Perhaps it softens hearts towards those lost young men, tens and tens of thousands caught up in the criminal-justice system and lead us to make sure that that system’s not infected with bias.

(APPLAUSE)

… that we embrace changes in how we train and equip our police so that the bonds of trust between law enforcement…

(APPLAUSE)

… and the communities they serve make us all safer and more secure.

(APPLAUSE)

Maybe we now realize the way a racial bias can infect us even when we don’t realize it so that we’re guarding against not just racial slurs but we’re also guarding against the subtle impulse to call Johnny back for a job interview but not Jamal…

(APPLAUSE)

… so that we search our hearts when we consider laws to make it harder for some of our fellow citizens to vote…

(APPLAUSE)

… by recognizing our common humanity, by treating every child as important, regardless of the color of their skin…

(APPLAUSE)

… or the station into which they were born and to do what’s necessary to make opportunity real for every American. By doing that, we express God’s grace.

(APPLAUSE)

For too long…

(APPLAUSE)

For too long, we’ve been blind to the unique mayhem that gun violence inflicts upon this nation.

(APPLAUSE)

Sporadically, our eyes are open when eight of our brothers and sisters are cut down in a church basement, 12 in a movie theater, 26 in an elementary school. But I hope we also see the 30 precious lives cut short by gun violence in this country every single day…

(APPLAUSE)

… the countless more whose lives are forever changed, the survivors crippled, the children traumatized and fearful every day as they walk to school, the husband who will never feel his wife’s warm touch, the entire communities whose grief overflows every time they have to watch what happened to them happening to some other place.

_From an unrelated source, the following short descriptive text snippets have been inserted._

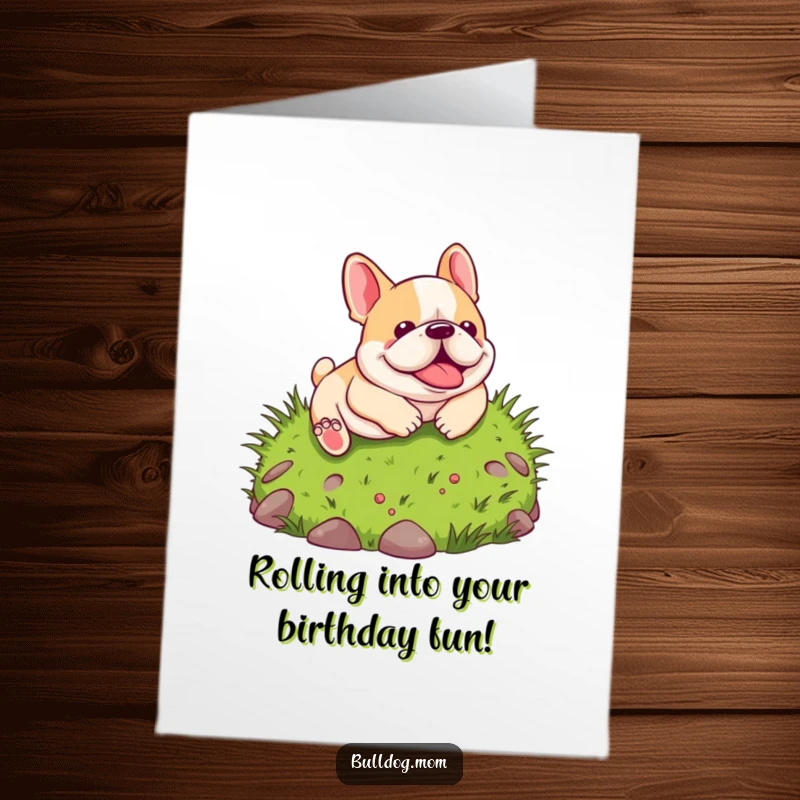 Funny Free Printable Birthday Card: Kawaii bulldog joyfully rolling down a green grassy hill, pure happiness.
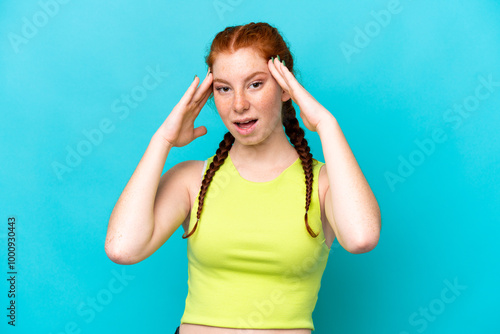 Young reddish woman isolated on blue background with surprise expression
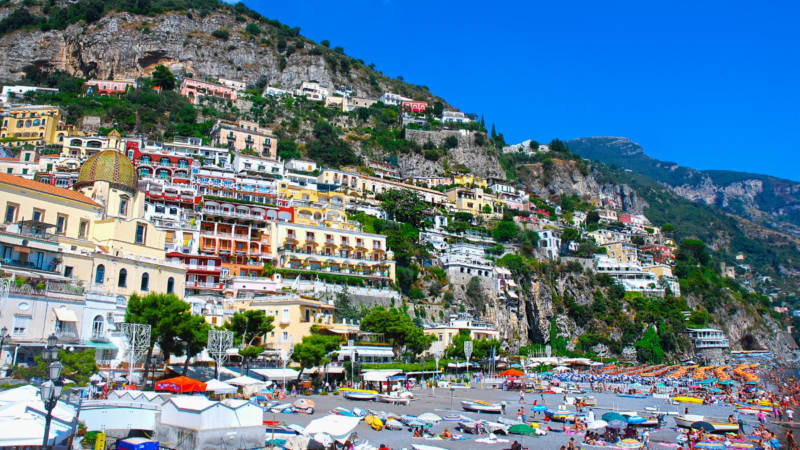 Crowded beachfront and vertical hillside hotels in Positano on the Amalfi Coast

The vast majority of Americans, the majority of gun owners want to do something about this. We see that now.

(APPLAUSE)

And I’m convinced that by acknowledging the pain and loss of others, even as we respect the traditions, ways of life that make up this beloved country, by making the moral choice to change, we express God’s grace.

(APPLAUSE)

We don’t earn grace. We’re all sinners. We don’t deserve it.

(APPLAUSE)

But God gives it to us anyway.

(APPLAUSE)

And we choose how to receive it. It’s our decision how to honor it.

None of us can or should expect a transformation in race relations overnight. Every time something like this happens, somebody says, “We have to have a conversation about race.” We talk a lot about race.

(APPLAUSE)

There’s no shortcut. We don’t need more talk.

(APPLAUSE)

None of us should believe that a handful of gun safety measures will prevent every tragedy.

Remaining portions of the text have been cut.